Experimental Design
A/B Testing
- A controlled experiment, usually in the context of a website
- You test the performance of some change to your website (the variant) and measure conversion relative to your unchanged site (the control).
Ideally choose what you are trying to influence:
- oder amount
- profit
- ad clicks
- order quantity
But attributing actions downstream from your change can be hard
- Especially if you;re running more than one experiment
VARIANCE IS THE ENEMY Common mistake:
- Run a test for some small period of time that results in a few purchases to analyze
- You take the mean order amount from a and B, and declare victory or defeat
- But there’s so much random variation in order amounts to begin with, tha your results was just based on chance
- You then fool yourself into thinking some change to your website, which could actually be harmful, has made tons of money
- Sometimes you need to also look at conversion metrics with less variance
- Order quantities vs order dollar amounts, for example
T-Tests and P-Values
So, how do we know if a result is likely to be “real” as opposed to just random variation?
T-Test and P-Values!
The T-Statistic
- A measure of the difference between the two sets expressed in units of standard error
- The size of the difference relative to the variance in the data
- A high T value means there’s probably a real difference between the two sets
- Assumes a normal distribution of behavior
- This is a good assumption of you’re measuring revenue as conversion
- Fisher’s exact test (clickthrough rates), E-test (for transactions per user), and chi-squared test (for product quantities purchased)
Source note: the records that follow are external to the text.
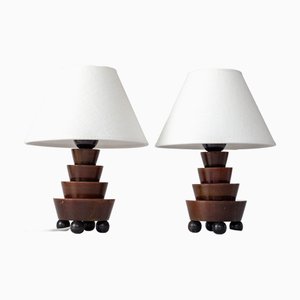 Art Deco Tischlampen aus Holz mit Kugelfüßen, 1930er, 2er Set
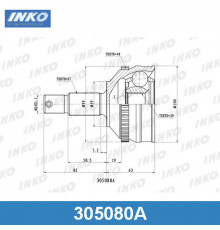 305080A INKO ШРУС наружный передний для Peugeot 806 1994-2002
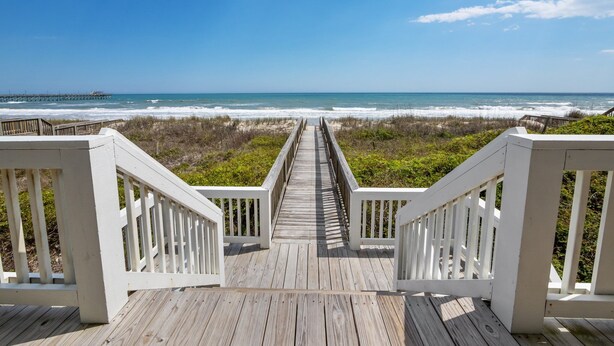 A wooden boardwalk leading to the beach with white railings. - Oceanfront Family Retreat / Pool, Hot Tub, Elevator, Well stocked kitchen (North Topsail)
- miara różnicy między dwoma zestawami wyrażona w jednostkach błędu standardowego
- wielkość różnicy w stosunku do wariancji danych
- Wysoka wartość T oznacza, że prawdopodobnie istnieje prawdziwa różnica między dwoma zestawami
- Zakłada normalny rozkład zachowania
- To dobre założenie, że mierzysz przychody jako konwersje
- Dokładny test Fishera (współczynniki klikalności), E-test (dla transakcji na użytkownika) i test chi-kwadrat (dla ilości zakupionych produktów)
The P-Value
- Think of it as the probability of A and B satisfying the “null hypothesis” (that there is no real difference between the control and treatment’s behaviour)
- So, a low P-Value implies significance.
-
It is the probability of an observer lying at an extreme t-value assuming the null hypothesis.
- Potraktuj to jako prawdopodobieństwo spełnienia przez A i B „hipotezy zerowej”
- Tak więc niska wartość P oznacza znaczenie.
- Jest to prawdopodobieństwo, że obserwator leży na skrajnej wartości t przy założeniu hipotezy zerowej.
import numpy as np
from scipy import stats
A = np.random.normal(25.0, 5.0, 10000)
B = np.random.normal(26.0, 5.0, 10000)
stats.ttest_ind(A, B)
Ttest_indResult(statistic=-14.20191652286491, pvalue=1.4847065535663492e-45)
The t-statistic is a measure of the difference between the two sets expressed in units of standard error. Put differently, it’s the size of the difference relative to the variance in the data. A high t value means there’s probably a real difference between the two sets; you have “significance”. The P-value is a measure of the probability of an observation lying at extreme t-values; so a low p-value also implies “significance.” If you’re looking for a “statistically significant” result, you want to see a very low p-value and a high t-statistic (well, a high absolute value of the t-statistic more precisely). In the real world, statisticians seem to put more weight on the p-value result.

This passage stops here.